INPUT DATA START
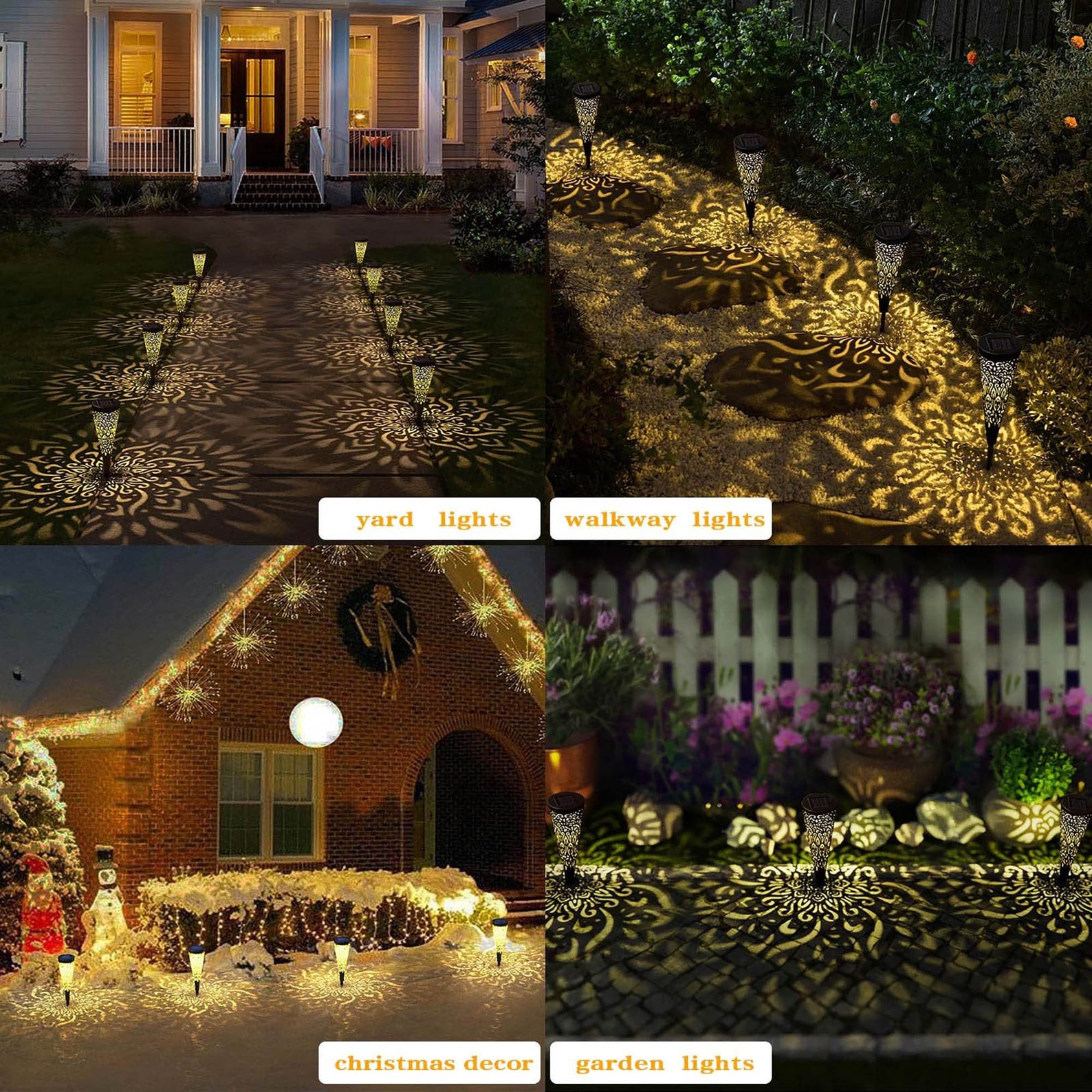 6 Pack Solar Lights Outdoor Garden Decorative Solar Garden Lights With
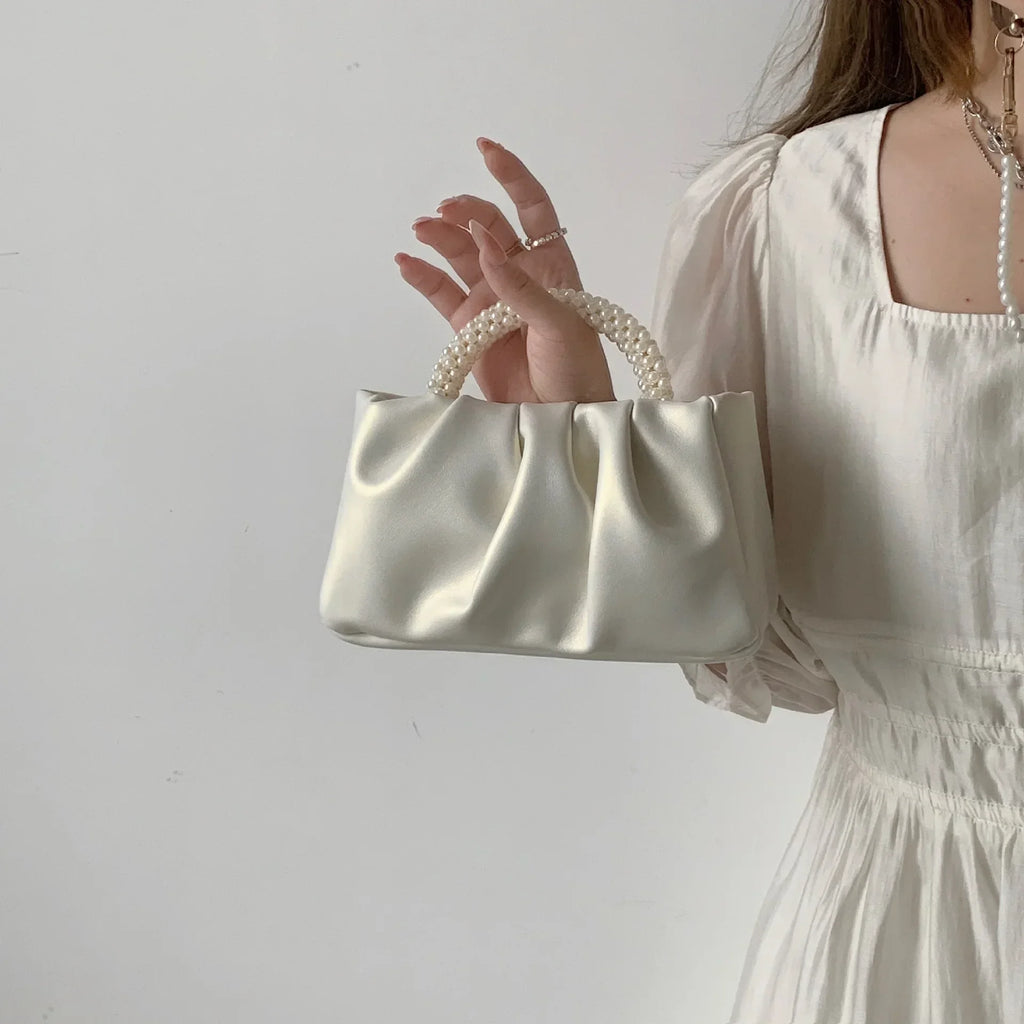 Sacs à main d'embrayage pour femmes avec poignée en perles de mode Sacs à bandoulière carrés de luxe pour femmes Petit sac messager pour femmes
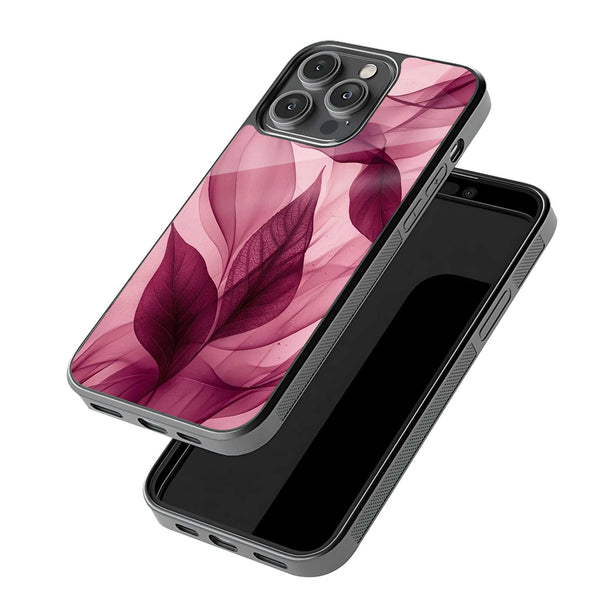 Blush Leaves Glass Case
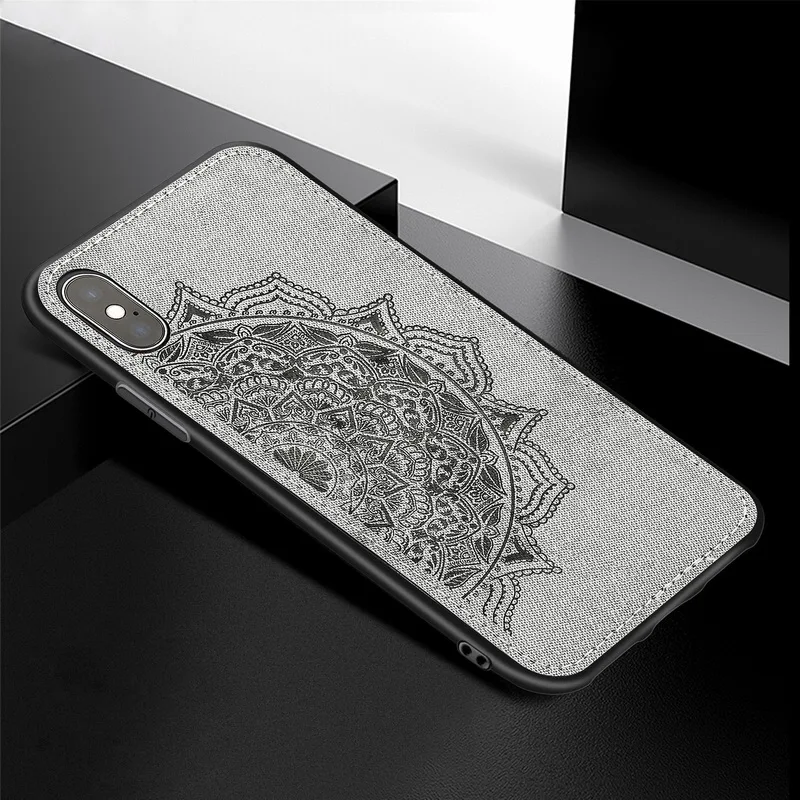3D мандала, тканевый Жесткий Чехол для iPhone XS Max XR X 10, тонкий встроенный металлический лист, автомобильный держатель, чехол для iPhone 7 8 6 6s Plus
INPUT DATA END
* _THE PROBLEM_:
Repeat the listing verbatim. Skip the pictures.

* _RESULT_:
 6 Pack Solar Lights Outdoor Garden Decorative Solar Garden Lights With
 Sacs à main d'embrayage pour femmes avec poignée en perles de mode Sacs à bandoulière carrés de luxe pour femmes Petit sac messager pour femmes
 Blush Leaves Glass Case
3D мандала, тканевый Жесткий Чехол для iPhone XS Max XR X 10, тонкий встроенный металлический лист, автомобильный держатель, чехол для iPhone 7 8 6 6s Plus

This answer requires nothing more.